Given entries ->
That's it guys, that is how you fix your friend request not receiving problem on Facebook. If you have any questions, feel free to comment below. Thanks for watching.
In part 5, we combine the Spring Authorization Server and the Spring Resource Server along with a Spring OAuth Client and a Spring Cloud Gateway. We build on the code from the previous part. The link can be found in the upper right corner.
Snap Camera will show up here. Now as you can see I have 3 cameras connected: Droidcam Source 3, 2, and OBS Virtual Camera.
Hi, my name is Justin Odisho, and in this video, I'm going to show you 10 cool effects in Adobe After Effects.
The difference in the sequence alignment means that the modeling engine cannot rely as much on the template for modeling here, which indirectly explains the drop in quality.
...
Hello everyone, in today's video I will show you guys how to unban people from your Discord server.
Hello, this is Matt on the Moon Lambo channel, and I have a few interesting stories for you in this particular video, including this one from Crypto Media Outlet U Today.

Activity -> Which lines in the data above hold the string "that"? Show each one.

Response to the task ->
That's it guys, that is how you fix your friend request not receiving problem on Facebook. If you have any questions, feel free to comment below. Thanks for watching.
The difference in the sequence alignment means that the modeling engine cannot rely as much on the template for modeling here, which indirectly explains the drop in quality.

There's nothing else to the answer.